The rate at which radio-frequency (RF) electromagnetic (E-M) energy is absorbed by the human body can be quantified by the specific absorption rate (SAR). This SAR can be expressed as the power absorbed per unit of mass tissue, e.g. expressed in units of watts per kilogram. Even though in particular applications, SAR is used in relation to the absorption of different energy qualities, such as energy conveyed by ultrasound, the present disclosure relates to SAR as a measure of the absorption rate of RF electromagnetic energy specifically. SAR measures can, for example, be used to determine whether emissions from RF sources, such as mobile phones, magnetic resonance imaging scanners or microwave ovens, are within safety tolerance levels.
A distinction can be made between the whole-body averaged SAR (SARwb) and a local measure of SAR, such as SAR over a small sample volume of tissue, for example over 1 g or 10 g of tissue. A whole-body averaged SAR measure may, for example, be particularly suitable for expressing the influence of a relatively uniform RF E-M exposure.
It is known in the art that the number of man-made RF sources, and the transmitted RF energy density in occupied areas, has steadily increased over time in the past, and can be expected to increase further in at least the near future. Furthermore, possible adverse effects of absorbed RF energy in the human body may have given rise to a public concern. For example, dielectric heating of tissues due to absorption of radio-frequency electromagnetic fields in the human body is a known health effect. Furthermore, the equations known in the art to describe such heating may typically use the SAR as an input parameter. Therefore, the SAR has been implemented as a test measure for defining basic restrictions on RF E-M radiation exposure. Particularly, restrictions on the allowable SARwb have been imposed in many jurisdictions.
However, it may be difficult, or even impossible, to accurately measure the specific absorption ratio in tissue inside a living human. Therefore, reference levels have also been defined on the incident electromagnetic fields, as studied in the field of personal exposure assessment.
For example, it is known in the art to assess personal exposure by registering electric field strengths using personal exposimeters (PEM), e.g. devices that can be worn on the body to measure time-varying electric-field strengths in different frequency bands of interest. It is an advantage that such exposimeters can be worn and used by subjects without requiring an extensive training. The use of such devices is widespread. For example, exposimeters may be used by both scientists and RF workers, e.g. workers installing RF antennas or performing maintenance on RF antennas. However, exposimeters as known in the art may have various disadvantages, e.g. large measurement uncertainties. Particularly, an important disadvantage is that electric fields are measured, which only serve as a proxy for SARwb-values. Even though methods are known in the art to measure SARwb for a controlled source in an indoor environment, such methods may require a fixed set-up using off-body antennas and may only determine the absorption of a predetermined controlled emitted signal. Particularly, the SARwb of ambient radiation, e.g. of uncontrolled sources, may not be measurable by using such techniques.

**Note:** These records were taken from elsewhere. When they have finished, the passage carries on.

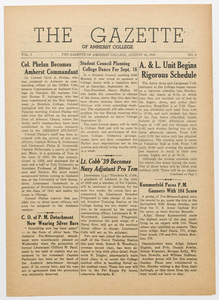 The gazette of Amherst College, 1943 August 13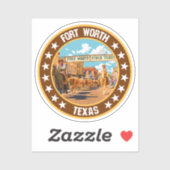 Sticker Fort Worth (Feuille)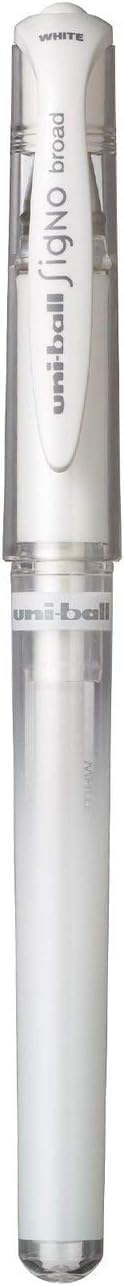 Uni-Ball Signo Broad Point Gel Impact Pen White Ink-1.0mm Set of 5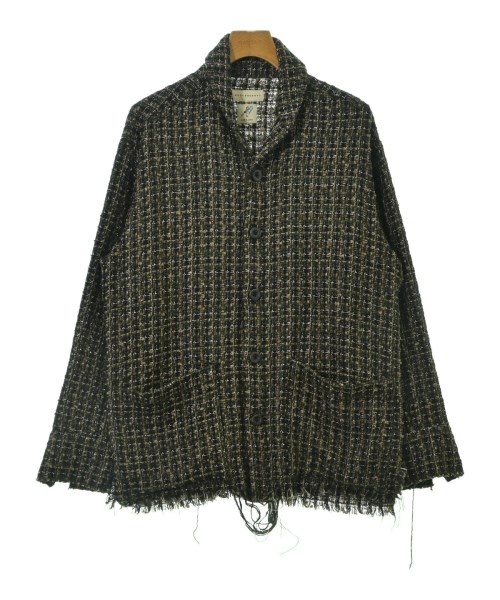 INNOCENCE NYC イノセンスニューヨークカジュアルジャケット メンズ L 黒x緑xベージュ等(ツイード)【中古】【古着】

Various methods are known in the art for performing a standardized measurement of averaged SAR values, e.g. 1 g or 10 g averaged SAR values, using a standardized phantom or human body model, e.g. an anthropomorphic phantom, to assess SAR values, such as the ESM-120 (Maschek, Germany), DASY (SPEAG, Switzerland), cSAR3D (SPEAG, Switzerland) and iSAR (SPEAG, Switzerland) systems. However, most of such methods known in the art are adapted for providing 1 g or 10 g averaged SAR values.
Specific numerical tools are known in the art, such as SEMCAD-X (SPEAG, Switzerland) and Sim4Life (SPEAG, Switzerland), that allow one to use numerical human body models in order to provide SARwb-values. For example, such numerical methods may use an MRI model of a specific subject. However, to achieve a highly specific estimate of SARwb for a particular human subject, such methods would also require a detailed measurement of the subject's dielectric properties, which may not be possible in living humans using methods known in the art.
Another approach for the determination of SARwb uses the concept of ‘room electromagnetics’, a theory which studies the propagation and absorption of electromagnetic fields using methods from room acoustics. This theory established a relationship between the reverberation time, a time constant of the decay of electromagnetic power in a room, and the electromagnetic radiation absorption in a room. For example, Bamba et al. disclosed an application of room electromagnetics for determining SARwb in “Experimental Assessment of Specific Absorption Rate Using Room Electromagnetics,” IEEE Transactions on Electromagnetic Compatibility, 54(4), pp. 747-757. However, such approach requires knowledge of the incident power density without the subject present, which cannot be directly determined when the monitored person is present.